Dr Carl Heneghan, of Oxford University, who provided advice on the investigation, said: “Device regulation is in disarray: the evidence requirements at the time of approval are woeful, the conduct of notified bodies is substandard, and individuals supposedly representing the regulatory system are conflicted and in many cases underqualified.”
Reporters purporting to represent a Chinese company contacted the regulatory organisations – known as notified bodies – about approving a hip implant for the European market.
The proposed product was a metal-on-metal total hip implant made from chromium cobalt. Experts said it should have been rejected immediately because of concerns that these products have a high failure rate and pose a risk of metal ions being deposited in the bloodstream. But some regulators said clinical studies would not be necessary since similar implants were already on the market.
The reporters submitted a detailed technical dossier to a notified body in Slovakia. The firm is only supposed to approve or reject a product, but it appeared willing to give advice while its fee depended on passing the implant. At a meeting in northern Slovakia, Peter Luley, a representative of EVPU, said that they could not give “exact advice”. But he added: “We just cross the line and say just do this and it will be OK. Therefore we have so high rate of successful certification [sic].”
The cost of approval would be €2,750 (£2,240), with half paid up front. A colleague, Lubica Skrovanova, said that only four applications had failed in five years.
The Telegraph and BMJ submitted a dossier explicitly based on the DePuy ASR XL Acetabular System, which surgeons are no longer allowed to use in Britain and that is subject to legal complaints worldwide. But Miss Skrovanova indicated she would provisionally approve the fake implant. The technical file included a test report which said that it had performed badly in tests to assess “wear”.
Once the contract was signed and payment made, EVPU emailed their comments. They noted that some sections of the dossier were missing but the pages detailing the “product” features and “principle features of the device” were described as “OK”.
Miss Skrovanova said the fictional company needed to submit documents relating to the manufacturing process for final approval and the licence to be issued. But these were not related to the design specifications.

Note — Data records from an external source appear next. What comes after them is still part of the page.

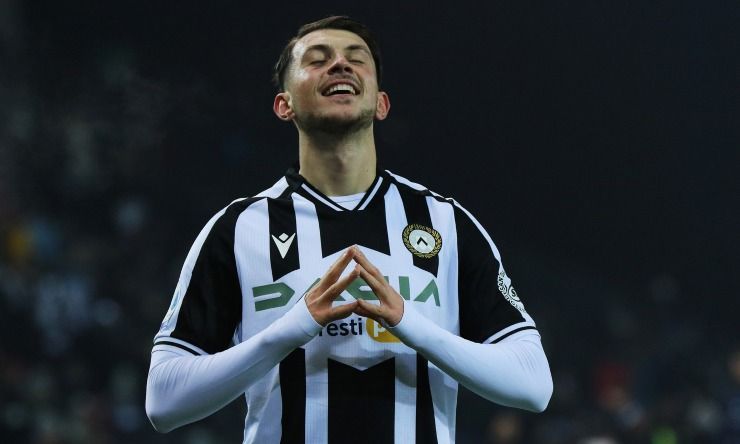 Udinese chiede 18-20 milioni per Samardzic
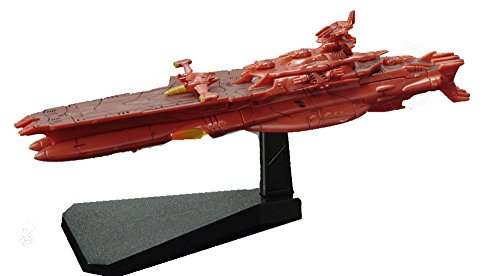 Bandai Hobby - Yamato 2199 - Space Battleship Yamato 2199 Mecha-Collection Darold von Bandai Hobby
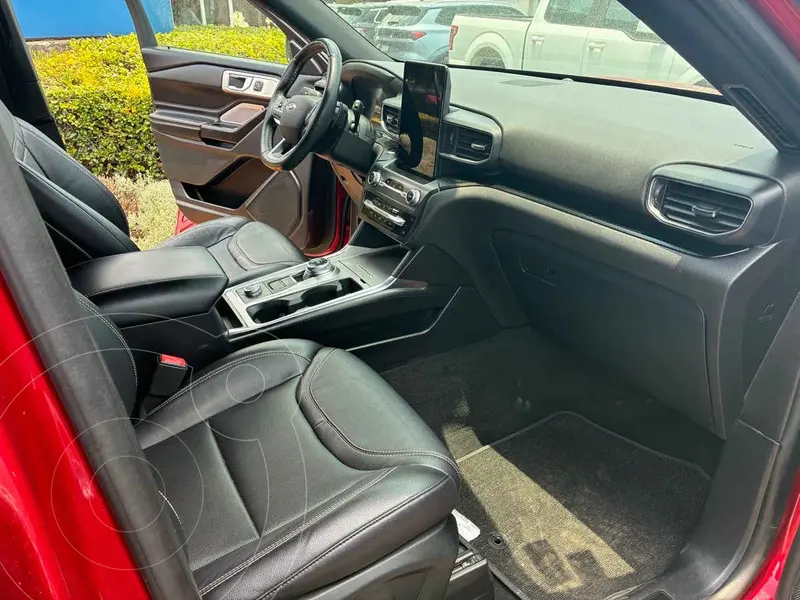 ford explorer-st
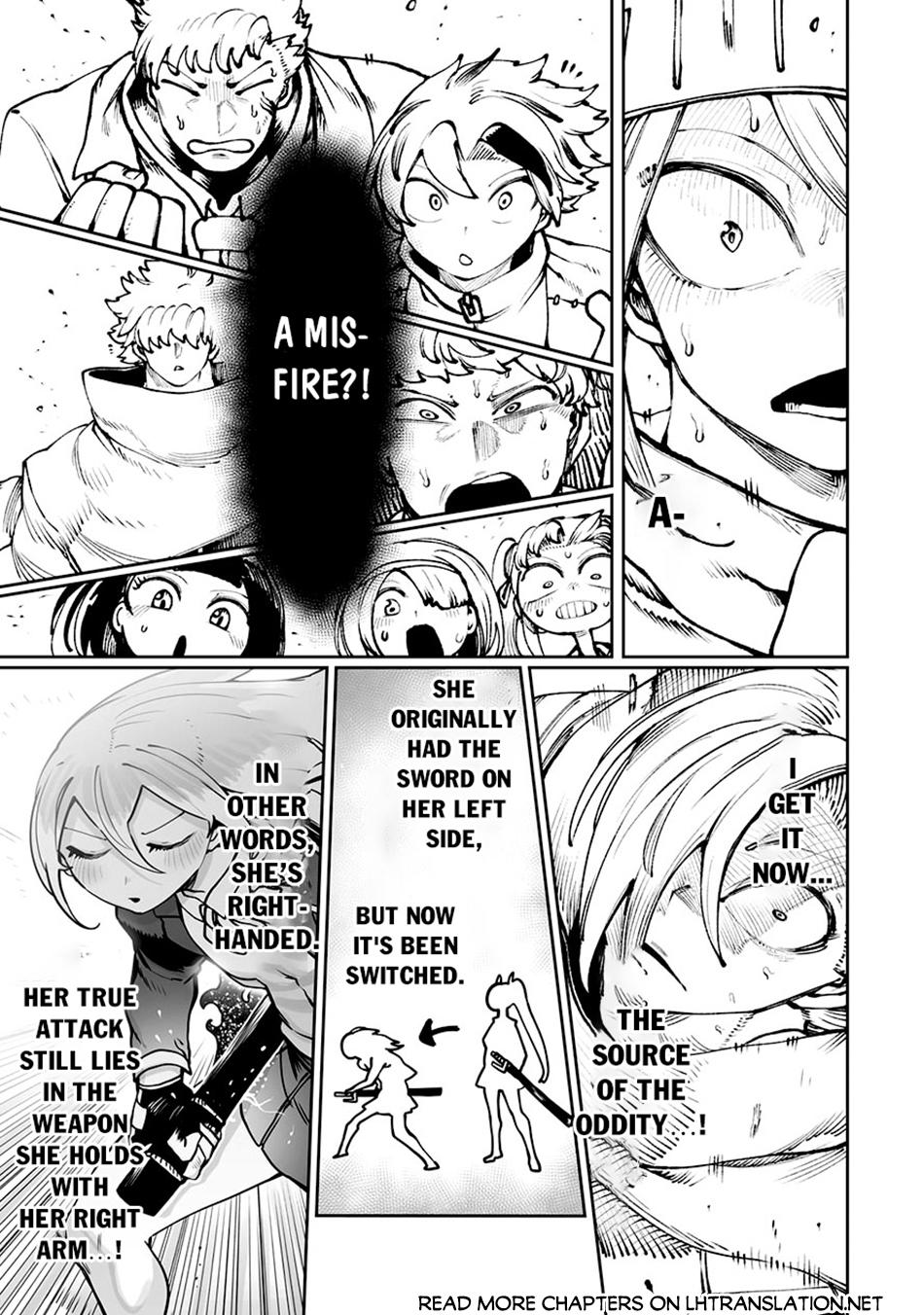 Tamer - Trash Tier to Top Tier Chapter 47 page 20 - 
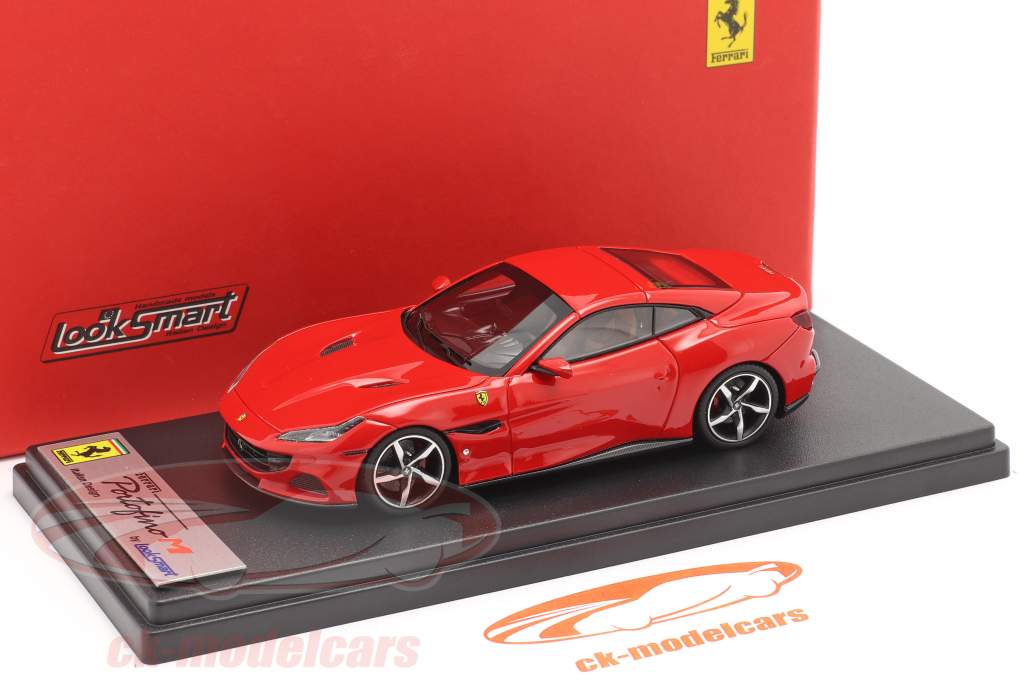 Ferrari Portofino M Anno di costruzione 2020 rosso corsa 1:43 LookSmart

At ETI/Szutest in Brno, Czech Republic, an executive admitted that the system was riddled with problems. Michael Bauer said: “When I have seen some certificates issued for some products, it was horrible.” He added: “I have seen some notified body… that certified some product that, well, was from South Korea and the product was completely different …And it caused here in Czech Republic some issue and it [caused] some injury.”
EVPU declined to comment.
ITC said that they “comply in full accordance with the law” and that in the last 10 years they had “seen serious problems in practice and medical devices”.
ETI/Szutest said that their organisation “fully complies” with EU procedures and the meeting was “merely an introductory session before commencement of the contract”. It said that even had they accepted the order, it would not have guaranteed success. It said that Mr Bauer’s statements were “entirely his personal opinion”.